The evidence link for Corset is the rule citation, filing, disclosure, supervisory record, approval trail, customer record, remediation file, or retention evidence. Without that link, Corset should not support a compliance conclusion or obligation change.

Risk Check

The risk check for Corset is whether a compliance conclusion has a covered party, rule source, deadline, evidence, and owner. Test filing, disclosure, suitability, supervision, recordkeeping, remediation, and enforcement exposure before assuming no action is required.

Decision Evidence

Decision evidence for Corset should show the rule citation, covered party, required action, deadline, approval trail, filing, disclosure, and retention evidence. Corset can change compliance analysis only when those facts alter duty, supervision, or enforcement exposure.

Review Evidence

Review evidence for Corset should make the regulatory evidence traceable, not just definitional. For Corset, tie the evidence to the rule text, regulator guidance, filing, policy memo, and compliance record and explain why that evidence is reliable enough for the finance decision.

Before relying on Corset, document the decision context: the effective date, reporting period, transition window, and jurisdiction involved. Keep the Corset evidence trail visible: responsible owner, approval evidence, testing record, remediation status, and disclosure trail. In Regulation work, Corset matters when it changes permissible activity, capital treatment, reporting duty, customer protection, or enforcement risk.

  • Source: cite the record, filing, contract, model input, system log, or policy that supports Corset.
  • Timing: record when Corset is measured: date, period, jurisdiction, market condition, or processing window that could change the financial conclusion.
  • Boundary: distinguish Corset from nearby concepts that require different evidence or support a different finance decision.
  • Decision use: identify the approval, valuation input, allocation step, control, disclosure, or risk decision affected if the evidence for Corset were different.

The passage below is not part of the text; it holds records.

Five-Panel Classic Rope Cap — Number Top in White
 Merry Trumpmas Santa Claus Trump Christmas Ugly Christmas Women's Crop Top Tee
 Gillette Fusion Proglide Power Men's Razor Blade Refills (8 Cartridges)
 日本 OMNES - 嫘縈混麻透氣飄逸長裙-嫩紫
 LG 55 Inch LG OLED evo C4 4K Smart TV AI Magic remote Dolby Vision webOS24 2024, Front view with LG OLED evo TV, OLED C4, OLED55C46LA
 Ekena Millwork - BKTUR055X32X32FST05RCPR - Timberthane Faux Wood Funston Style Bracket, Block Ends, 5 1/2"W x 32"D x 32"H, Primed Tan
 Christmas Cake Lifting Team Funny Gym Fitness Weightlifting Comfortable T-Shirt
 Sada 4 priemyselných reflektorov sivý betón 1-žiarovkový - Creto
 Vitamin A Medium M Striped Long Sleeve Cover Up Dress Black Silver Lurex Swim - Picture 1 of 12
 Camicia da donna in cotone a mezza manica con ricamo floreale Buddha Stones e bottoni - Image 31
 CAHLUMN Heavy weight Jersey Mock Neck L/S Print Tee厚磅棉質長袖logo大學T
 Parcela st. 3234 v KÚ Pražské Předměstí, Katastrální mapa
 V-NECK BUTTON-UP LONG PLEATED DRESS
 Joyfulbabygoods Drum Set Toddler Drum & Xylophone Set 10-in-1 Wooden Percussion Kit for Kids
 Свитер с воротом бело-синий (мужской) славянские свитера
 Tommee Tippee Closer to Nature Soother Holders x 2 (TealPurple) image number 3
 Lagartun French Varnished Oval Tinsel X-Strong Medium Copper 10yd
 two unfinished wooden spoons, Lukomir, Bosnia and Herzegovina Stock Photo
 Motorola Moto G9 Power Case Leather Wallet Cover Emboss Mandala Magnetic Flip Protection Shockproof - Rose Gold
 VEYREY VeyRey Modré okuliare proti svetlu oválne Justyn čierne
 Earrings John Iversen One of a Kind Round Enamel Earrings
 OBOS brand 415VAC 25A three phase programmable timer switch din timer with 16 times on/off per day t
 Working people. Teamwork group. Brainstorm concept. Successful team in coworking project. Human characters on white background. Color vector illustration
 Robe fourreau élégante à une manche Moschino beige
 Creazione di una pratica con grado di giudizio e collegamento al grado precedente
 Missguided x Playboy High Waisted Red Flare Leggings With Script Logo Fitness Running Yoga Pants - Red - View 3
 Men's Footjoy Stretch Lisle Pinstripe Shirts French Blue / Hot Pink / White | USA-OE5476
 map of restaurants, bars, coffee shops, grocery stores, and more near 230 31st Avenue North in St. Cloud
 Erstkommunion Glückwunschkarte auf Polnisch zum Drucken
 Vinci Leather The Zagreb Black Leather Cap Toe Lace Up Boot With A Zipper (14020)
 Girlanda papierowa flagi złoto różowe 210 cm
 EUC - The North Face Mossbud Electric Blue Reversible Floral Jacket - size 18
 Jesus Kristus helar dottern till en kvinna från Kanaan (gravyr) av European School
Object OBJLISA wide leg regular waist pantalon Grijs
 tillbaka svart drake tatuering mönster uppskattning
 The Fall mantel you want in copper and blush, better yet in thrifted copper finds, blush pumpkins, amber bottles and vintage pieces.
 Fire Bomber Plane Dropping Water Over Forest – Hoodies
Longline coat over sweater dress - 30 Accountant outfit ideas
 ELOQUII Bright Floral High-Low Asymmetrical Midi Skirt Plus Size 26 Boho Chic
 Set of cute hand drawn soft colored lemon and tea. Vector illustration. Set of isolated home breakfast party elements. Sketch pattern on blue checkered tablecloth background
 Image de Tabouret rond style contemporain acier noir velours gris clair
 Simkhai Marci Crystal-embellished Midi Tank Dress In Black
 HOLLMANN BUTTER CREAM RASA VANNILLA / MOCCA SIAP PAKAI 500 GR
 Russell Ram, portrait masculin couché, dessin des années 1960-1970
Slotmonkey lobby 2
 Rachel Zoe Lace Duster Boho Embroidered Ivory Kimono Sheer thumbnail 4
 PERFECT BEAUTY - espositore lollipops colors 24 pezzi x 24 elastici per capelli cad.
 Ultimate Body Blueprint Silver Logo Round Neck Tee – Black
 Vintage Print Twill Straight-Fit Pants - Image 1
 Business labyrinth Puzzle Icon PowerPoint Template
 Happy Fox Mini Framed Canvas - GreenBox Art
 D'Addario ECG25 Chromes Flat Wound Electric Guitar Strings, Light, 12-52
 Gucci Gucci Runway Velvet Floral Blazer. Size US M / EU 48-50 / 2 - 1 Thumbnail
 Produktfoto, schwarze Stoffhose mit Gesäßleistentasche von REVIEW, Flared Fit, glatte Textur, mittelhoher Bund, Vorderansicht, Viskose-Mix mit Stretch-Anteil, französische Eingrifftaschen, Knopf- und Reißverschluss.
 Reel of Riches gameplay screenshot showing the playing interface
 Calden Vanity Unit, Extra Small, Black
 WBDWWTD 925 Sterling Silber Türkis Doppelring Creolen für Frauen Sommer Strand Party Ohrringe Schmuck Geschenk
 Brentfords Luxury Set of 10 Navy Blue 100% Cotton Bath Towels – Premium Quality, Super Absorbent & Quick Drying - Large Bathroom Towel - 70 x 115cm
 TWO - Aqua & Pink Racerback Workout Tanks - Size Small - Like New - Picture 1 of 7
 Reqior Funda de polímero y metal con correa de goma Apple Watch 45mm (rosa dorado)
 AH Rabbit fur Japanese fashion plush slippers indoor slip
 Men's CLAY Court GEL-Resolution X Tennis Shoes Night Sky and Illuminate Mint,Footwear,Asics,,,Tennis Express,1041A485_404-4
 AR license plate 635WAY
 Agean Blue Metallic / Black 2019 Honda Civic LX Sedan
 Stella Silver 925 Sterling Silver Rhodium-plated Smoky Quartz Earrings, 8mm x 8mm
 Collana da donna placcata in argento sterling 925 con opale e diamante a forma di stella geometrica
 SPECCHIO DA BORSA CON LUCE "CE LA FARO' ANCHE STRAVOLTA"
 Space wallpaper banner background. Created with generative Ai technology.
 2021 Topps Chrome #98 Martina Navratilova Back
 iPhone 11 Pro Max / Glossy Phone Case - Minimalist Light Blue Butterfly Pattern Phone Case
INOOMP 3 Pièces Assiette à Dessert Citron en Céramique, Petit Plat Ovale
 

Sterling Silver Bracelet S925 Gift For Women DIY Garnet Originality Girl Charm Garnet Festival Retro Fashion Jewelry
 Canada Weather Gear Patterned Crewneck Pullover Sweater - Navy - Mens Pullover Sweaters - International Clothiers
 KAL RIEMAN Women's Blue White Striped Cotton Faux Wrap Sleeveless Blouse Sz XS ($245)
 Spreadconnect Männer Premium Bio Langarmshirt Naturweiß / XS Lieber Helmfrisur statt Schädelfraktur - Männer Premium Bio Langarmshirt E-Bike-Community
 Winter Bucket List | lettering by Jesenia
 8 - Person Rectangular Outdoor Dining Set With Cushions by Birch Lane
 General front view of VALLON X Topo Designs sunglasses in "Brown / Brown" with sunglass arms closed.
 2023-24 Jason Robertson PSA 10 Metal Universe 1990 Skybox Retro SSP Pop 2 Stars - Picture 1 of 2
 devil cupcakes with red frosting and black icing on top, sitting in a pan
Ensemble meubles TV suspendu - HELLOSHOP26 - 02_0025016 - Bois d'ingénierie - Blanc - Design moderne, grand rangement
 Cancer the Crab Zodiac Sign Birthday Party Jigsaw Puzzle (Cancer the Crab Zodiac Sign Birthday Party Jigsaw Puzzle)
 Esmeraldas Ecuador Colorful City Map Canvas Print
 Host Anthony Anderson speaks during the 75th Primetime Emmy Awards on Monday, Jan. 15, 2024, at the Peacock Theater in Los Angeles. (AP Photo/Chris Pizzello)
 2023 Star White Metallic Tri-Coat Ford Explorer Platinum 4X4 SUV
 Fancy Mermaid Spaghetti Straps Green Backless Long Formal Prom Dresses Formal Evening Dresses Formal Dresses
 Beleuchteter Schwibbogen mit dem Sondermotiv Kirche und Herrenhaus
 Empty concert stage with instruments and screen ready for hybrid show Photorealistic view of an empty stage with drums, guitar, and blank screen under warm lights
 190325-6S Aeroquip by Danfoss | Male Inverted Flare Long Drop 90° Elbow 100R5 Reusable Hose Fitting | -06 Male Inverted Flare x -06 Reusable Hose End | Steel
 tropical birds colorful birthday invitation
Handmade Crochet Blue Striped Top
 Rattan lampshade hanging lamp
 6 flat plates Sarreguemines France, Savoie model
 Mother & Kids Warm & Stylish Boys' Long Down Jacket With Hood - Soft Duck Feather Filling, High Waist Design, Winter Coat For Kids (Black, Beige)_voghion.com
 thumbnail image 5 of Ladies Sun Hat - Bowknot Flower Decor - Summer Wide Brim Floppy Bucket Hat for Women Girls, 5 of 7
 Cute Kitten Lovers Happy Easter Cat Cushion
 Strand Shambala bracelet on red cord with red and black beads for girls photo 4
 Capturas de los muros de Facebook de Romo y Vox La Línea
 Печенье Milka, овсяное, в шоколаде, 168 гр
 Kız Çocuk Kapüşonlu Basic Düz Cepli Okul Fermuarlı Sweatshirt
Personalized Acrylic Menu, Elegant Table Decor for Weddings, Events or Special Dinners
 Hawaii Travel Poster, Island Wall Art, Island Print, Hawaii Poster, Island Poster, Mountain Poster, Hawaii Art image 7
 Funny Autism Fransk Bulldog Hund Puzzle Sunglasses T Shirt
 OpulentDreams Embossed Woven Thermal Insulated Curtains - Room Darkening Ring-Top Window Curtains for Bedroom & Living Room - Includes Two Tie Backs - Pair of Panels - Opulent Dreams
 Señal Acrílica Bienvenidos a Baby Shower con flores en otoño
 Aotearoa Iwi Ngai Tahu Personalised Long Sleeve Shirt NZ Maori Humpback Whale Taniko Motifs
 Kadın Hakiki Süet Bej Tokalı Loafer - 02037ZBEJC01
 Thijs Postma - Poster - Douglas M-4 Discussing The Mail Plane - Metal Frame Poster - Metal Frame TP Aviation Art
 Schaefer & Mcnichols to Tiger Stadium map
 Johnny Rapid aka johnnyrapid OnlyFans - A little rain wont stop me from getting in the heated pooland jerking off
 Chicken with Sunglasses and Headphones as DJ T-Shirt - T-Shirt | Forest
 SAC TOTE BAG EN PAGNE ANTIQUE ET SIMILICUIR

The practical risk for Corset is that regulatory terms are unsafe when jurisdiction, effective date, rule source, and compliance evidence are left implicit. If those facts are unavailable, keep Corset in the explanatory layer instead of treating it as decision-grade evidence.

Decision Workflow

Use Corset as a decision workflow, not a static glossary label: define the finance meaning, verify the evidence, and identify which conclusion changes. Start by linking Corset to rule source, jurisdiction, effective date, covered activity, compliance owner, and enforcement exposure. Only after those checks should Corset influence a regulatory decision.

For Corset, confirm the source record, the date or jurisdiction that could change the answer, and the finance decision affected if the evidence were wrong. If those checks are incomplete, keep Corset as explanatory context rather than a decisive input.

FAQs

What was the main purpose of the Corset?

The main purpose of the Corset was to control the growth of bank deposits and interest-bearing liabilities to stabilize the UK’s financial system during a period of high inflation.

Why was the Corset scheme abandoned?

The Corset was abandoned because it was deemed anti-competitive, particularly disadvantaging smaller financial institutions.

Common Confusion

Do not confuse Corset with a universal rule. Regulatory impact depends on jurisdiction, covered entity, transaction type, effective date, and available exemptions.

Where It Shows Up

Corset appears in compliance manuals, offering documents, regulatory filings, supervisory exams, legal memos, and control testing.

Analyst Takeaway

Treat Corset as decision-useful only when it changes a forecast, contractual right, accounting result, tax outcome, market price, liquidity need, or risk-control action. If those items do not change, Corset is descriptive rather than analytical evidence.

  • Monetary Policy: Strategies employed by a central bank to control money supply and interest rates.
  • Interest-Bearing Liabilities: Financial obligations that require the payment of interest.
  • Bank Reserves: Portions of deposits that banks are required to keep either in their vaults or with the central bank.